I am always fascinated with those individuals in the United States who are convinced they are not racist, sexist, or homophobic and furthermore insist these isms are no longer an issue. I applaud those individuals. I am not one of those individuals. I am racist, sexist, homophobic and have a virtual storage shed of judgmental attitudes and opinions. I aspire to be free of all those judgements and prejudices. Yet, I daily continue to ingest them.
I began learning the rules for boxes for myself and others at a very early age. I have very early memories of intaking judgments based on gender, race, economic status and sexual orientation long before I knew what any of these terms meant. I knew by age 3 or so that one did not stop to help someone who was passed out from alcohol use/abuse “especially” if he or she was other than Caucasian. I also learned:=
· Who I was expected to be as a while male.
· I might have some Native American heritage and I had relatives who were Native American.
· No matter how inferior I felt among other Caucasian males I had certain privileges solely because I was a Caucasian male.
· Although I could play with black boys and girls as a young man my mother would give my lies more credence than she gave the truths of my black friends.
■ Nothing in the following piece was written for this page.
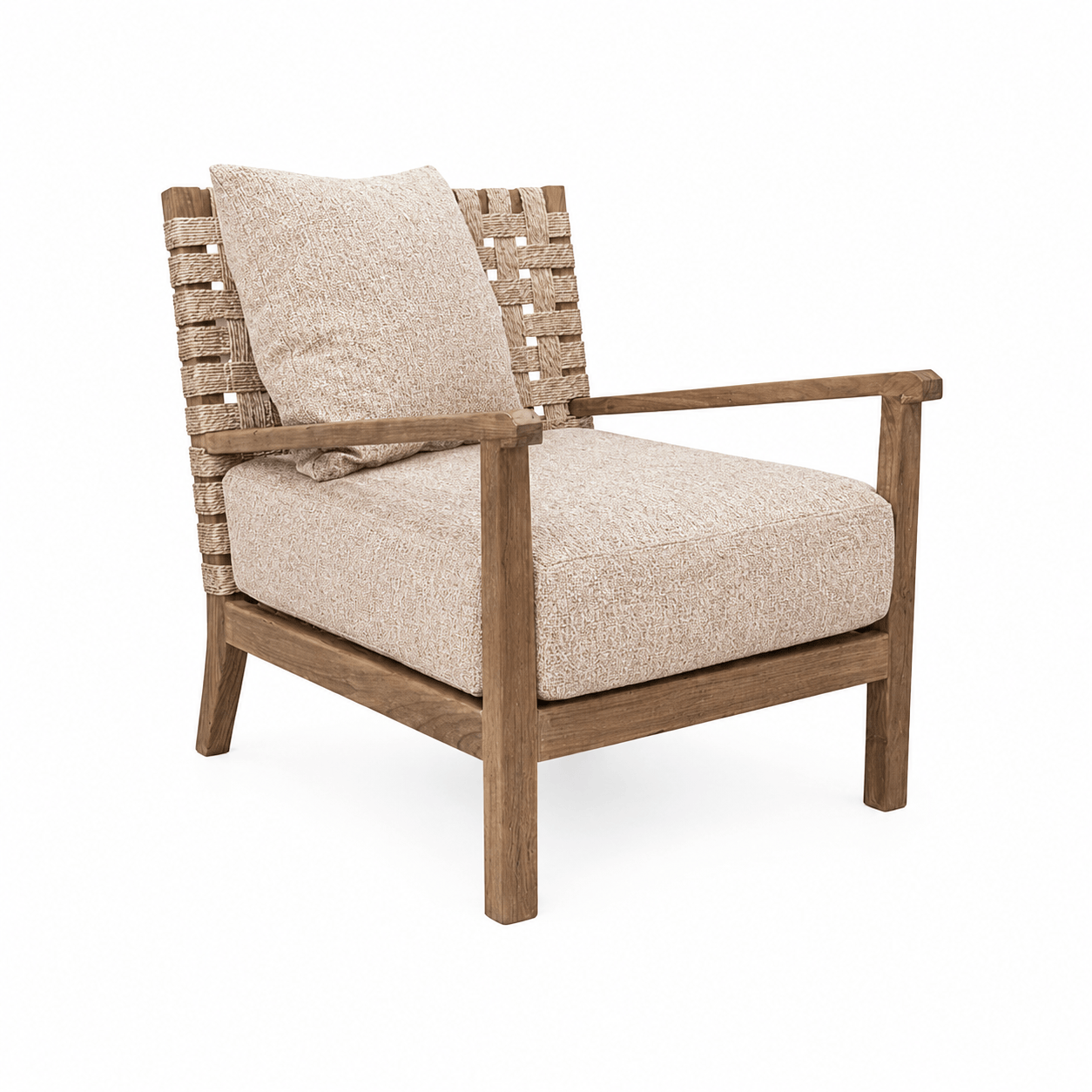 Poltrona Zoco Home | Oat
· As a male, I was to make sure my behavior was as different as possible from that attributed to females.
· I was to desire girls sexually but have serious discussions only with other males.
· In the adult world it was often the women who took charge of home making, childcare and nurturing family relationships.
· People of other races - even Native Americans which allegedly were part of our heritage - were referred to as “those people” or something more dehumanizing. Those people deserved to be successful “as long” as they stayed on their side of the track (in larger cities the dividing line might actually be the railroad track.)
· The god of the understanding of most clergy did not tolerate anything other than heterosexual, missionary position sex and then only for procreation.
· The terms used to demean other boys were terms indicating one was acting like a girl. The terms used to demean girls were terms indicating she was less than “feminine”.
· “Good people” were successful because they were independent and “pulled themselves up by their own bootstraps although nothing was said about the fact that many did not have boots let alone bootstraps.
· The good people were Caucasian, heterosexual, had a white picket fence, perhaps a back servant who one gifted with all the leftovers one did not want and expected them to be grateful, went to the right church and prayed to the right god.
I am talking about the North; not about the flagrant Southern Jim Crow laws and practices. In the north there were clearly white and black hotels, prescribed dress for women and in some places men, white and black water fountains and other supposedly “equal” but separate facilities.
Some of these obvious signs of gender, race and sexual discrimination are now absent in many places. Yet, if one is awake, there is daily evidence of racism, sexism, homophobia and classism (casteism). I do not go a day without being a witness to this reality.
It is not a question of whether any of us living in this and many other countries are racist, sexist, homophobic and classist. No one who is looking or listening to one’s own brain or the behavior of others can miss the fact. The question is if and how we will deprogram ourselves and make equality manifest reality.